PostgreSQL improperly sorts unicode chars with Czech collation
It is correct. Accent for á, ď, é, ě, í, ň, ó, ť, ú, ů, ý should be ignored see article
Czech sort rules are little bit complex :)
PostgreSQL does not have its own sort rules, it uses the rules provided by the operating system. If you try with /usr/bin/sort
with the same locale, you'll get the same sort order.

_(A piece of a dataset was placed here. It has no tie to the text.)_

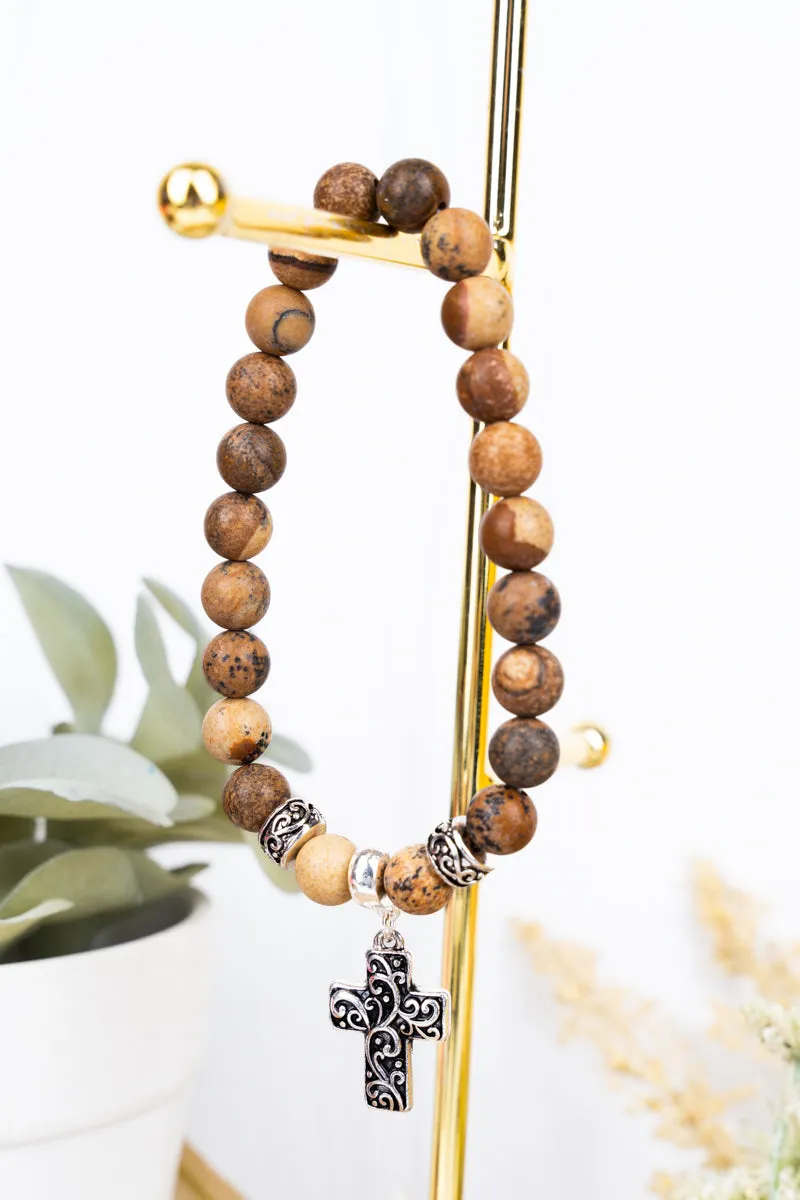 Silvertone Cross Picture Jasper Stretch Bracelet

Here's the result with your sample data when tried with Ubuntu 12.04, PostgreSQL 9.1:
create COLLATION cs_CZ (locale="cs_CZ.UTF-8");select * from (values('Ca'),('Čb'),('Cc')) as l(a) order by a collate cs_CZ;
Result:
a ---- Ca Cc Čb(3 rows)
Notice that it's sorted as you say it should.
If your operating system sorts differently and you're sure that it's wrong according to official czech rules, then it's a bug in its czech locale implementation.
UPDATE following comment:
SELECT * FROM (values('A'),('Da'),('Ďb'),('Dc'),('E')) AS l(a) ORDER BY a COLLATE cs_CZ;
results in:
a ---- A Da Ďb Dc E
sorting in czech collation is correct by czech grammar rules!
Characters like á, ď, é, ě, í, ň, ó, ť, ú, ů, ý are sorted like they don't have punctuation so result:
A, Da, Ďb, Dc, E is corret by czech grammar.
For Slovak and Czech it can sounds crazy, but "rules as rules".
Other rules are for slovak language (collate sk_SK) where characters d-ď, t-ť, n-ň, l-ľ are in alphabetical order like czech Ď in this case.